MMP-9 and TIMP-1 levels correlate with the severity of chronic HF. MMP-9 is a strong predictor of HF events, suggesting that a disparity between MMP-9 and TIMP-1 levels and increased MMP-9 levels may help predict HF events.
基质金属蛋白酶(MMP)在心力衰竭(HF)期间上调,并影响心室重构。我们假设MMP - 9与基质金属蛋白酶组织抑制剂 - 1(TIMP - 1)之间的差异导致临床表现,并与慢性HF患者的预后风险相关。
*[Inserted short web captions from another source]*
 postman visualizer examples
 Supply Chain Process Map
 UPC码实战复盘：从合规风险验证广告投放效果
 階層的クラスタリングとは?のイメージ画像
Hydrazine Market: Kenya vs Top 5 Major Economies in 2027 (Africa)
测定了173例慢性HF患者的血浆MMP - 9、TIMP - 1和脑钠肽(BNP)水平。在随访期间(中位数109个月)评估HF事件恶化的联合终点。MMP - 9和TIMP - 1水平以及MMP - 9/TIMP - 1比值随着纽约心脏协会分级严重程度的增加而升高(趋势P值分别为0.003、0.011和0.005)。发生HF事件的患者(n = 35)的MMP - 9水平显著高于未发生HF事件的患者(P = 0.004)。Kaplan - Meier分析表明,MMP - 9值高(>23.2 ng/mL)时发生HF事件的概率更高(P = 0.005)。多变量Cox比例风险模型显示,高MMP - 9值是HF事件的独立预测因子(风险比,3.73;95%置信区间(CI),1.03 - 13.46;P = 0.043)。在BNP水平较低(≤210 pg/mL)的患者中,与BNP和MMP - 9值均低的患者相比,MMP - 9值高的患者发生HF事件的校正风险比为3.63(95% CI,1.20 - 11.02;P = 0.023)。
MMP - 9和TIMP - 1水平与慢性HF的严重程度相关。MMP - 9是HF事件的强预测因子,表明MMP - 9与TIMP - 1水平的差异以及MMP - 9水平升高可能有助于预测HF事件。